The records:
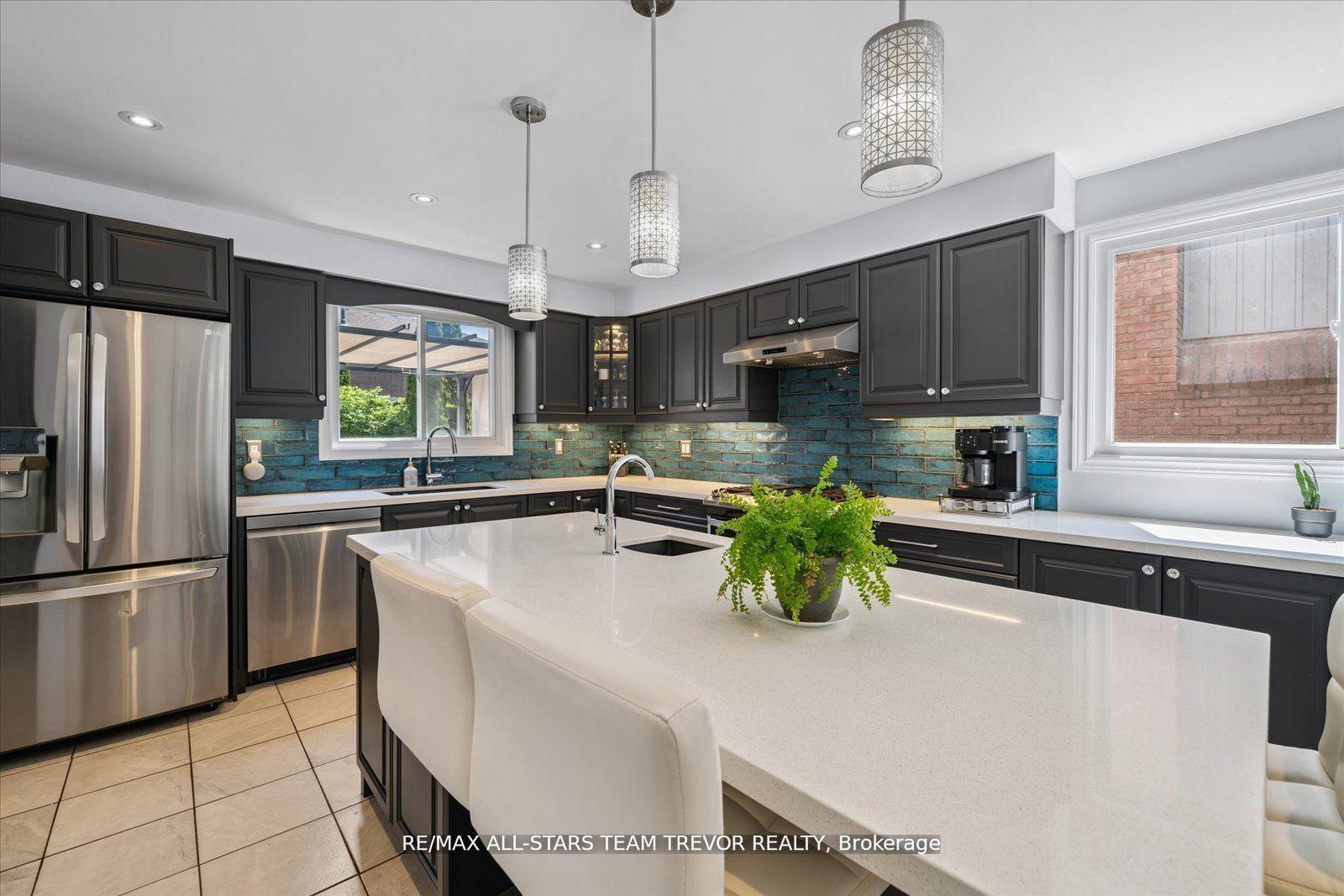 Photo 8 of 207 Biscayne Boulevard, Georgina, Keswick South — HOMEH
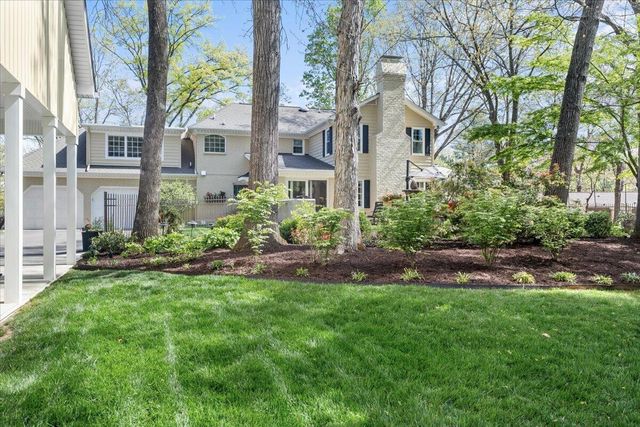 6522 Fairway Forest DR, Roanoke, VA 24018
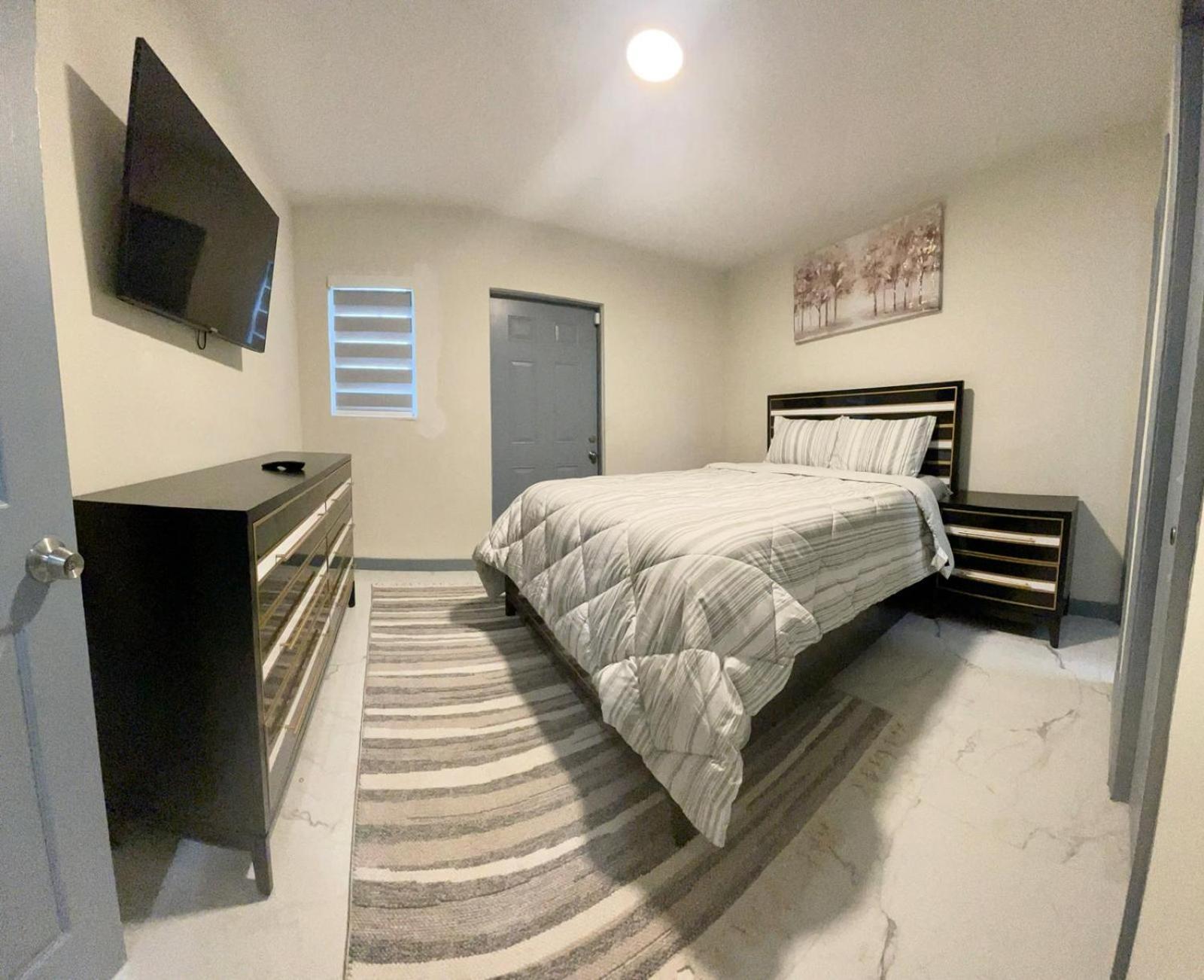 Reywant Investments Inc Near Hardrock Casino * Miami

* * *

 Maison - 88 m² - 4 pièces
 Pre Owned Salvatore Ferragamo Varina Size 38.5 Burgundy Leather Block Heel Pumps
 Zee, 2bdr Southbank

The task: The material above holds pictures; leave them out and set down exactly the lines from the line with "6522 Fairway Forest DR, Roanoke, VA 24018" to the line with "Reywant Investments Inc", both included.

Written solution:
 6522 Fairway Forest DR, Roanoke, VA 24018
 Reywant Investments Inc Near Hardrock Casino * Miami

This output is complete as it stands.